Miss Information and her Telekommunisten
For Miss Information, call
Communications technologies are often described in terms of signal and noise, in other words parts of the message are either sent or not sent, received or not received. Yet communication is not composed of discrete message chunks, but rather a multitude of interdependent signifiers each of which modifies the meaning of the each of the others.
Communication on a natural scale, in physical proximity, by natural means, voice, body, smell, site, touch, delivers these signifier in a dense, interactive flow. Communication technologies abstract that flow, and with every signifier lost, not only are parts of the message lost, but other parts, whose meaning is influenced by the missing signals, is transformed, it’s meaning not lost, but rather changed, corrupted, miscommunicated.
The more technical and abstract our communication channels become, the more mis-communicative they become.
Miscommunication is neither signal nor noise, not the original message, nor a lost message, but, in fact, a new message, unintended by the original communicator, but none the less perceived by the recipient.
“For Miss Information Call” examines the message arising from misscommunication, capturing samples of miscommunication for analysis and exhibit with a playful and interactive city-scale experiment.
The character of “Miss Information” is a double entendre, being a homophone of “misinformation” it reveals a little of it’s game up front, counting on curiosity or perhaps simply a lack of attention to prevent disbelief.
“Miss Information” presents herself as an Information Service, affixing stickers out of context to other media, posters, signs, walls, anywhere where information may be sought, creating the impression in callers that if they call her, she will inform them about the item of their interest.
These stickers present a telephone number and an invitation to call “for Miss Information.”
Instead, the callers are welcomed into our experiment in miscommunication, the first callers are played a recording from Miss Information she tells them a simple message, including such details as the name, location and dates of the Hack.Fem.East exhibition, they are also asked to pass on this information should anybody ask them.

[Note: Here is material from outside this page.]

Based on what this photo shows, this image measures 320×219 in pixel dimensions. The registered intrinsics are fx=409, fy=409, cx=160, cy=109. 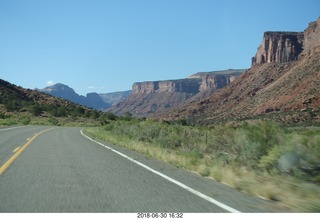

After that, when the next callers call Miss Information, they are connected directly to the last callers, and then are called themselves when the following callers call, and so on. The information, naturally, being transformed as it passes from person to person.
In the exhibition the recordings of these calls will be played, in a cycle, starting with the original message from Miss Information, and continuing exhibiting the message throughout the various transformations. What it becomes at the end, being unknown at the beginning, but constructed by a network of accidental communicators engaging in unintended collaborative miscommunication.